> Dataset extract:
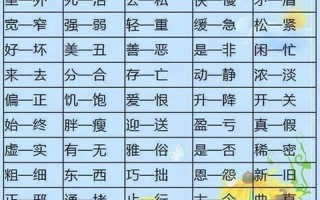 美观的反义词是什么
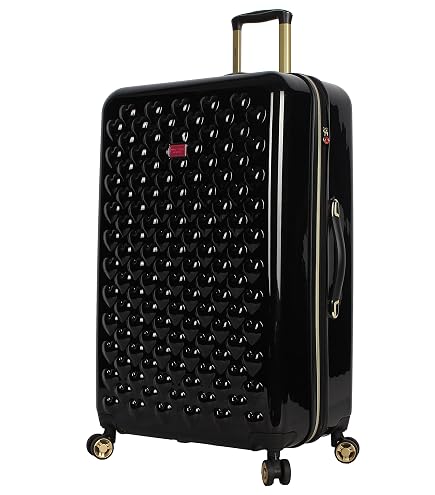 ネジの外れてるAB型　BETSEY JOHNSON キャリーバッグ Amazon.com: Betsey Johnson Designer 20 Inch Carry On - Expandable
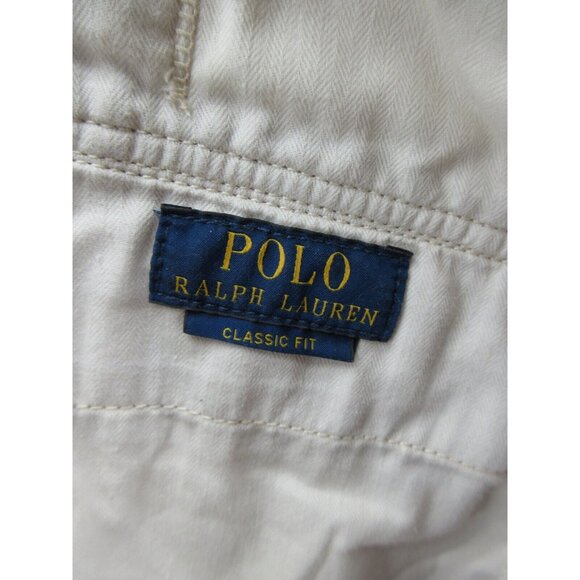 Ralph Lauren Polo Shorts 52 Big Cargo Utility Canvas Classic Fit NEW - Picture 8 of 10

> What the task requires: No image belongs in the copy. Transcribe the full listing verbatim.

> Exercise response:
 美观的反义词是什么
 ネジの外れてるAB型　BETSEY JOHNSON キャリーバッグ Amazon.com: Betsey Johnson Designer 20 Inch Carry On - Expandable
 Ralph Lauren Polo Shorts 52 Big Cargo Utility Canvas Classic Fit NEW - Picture 8 of 10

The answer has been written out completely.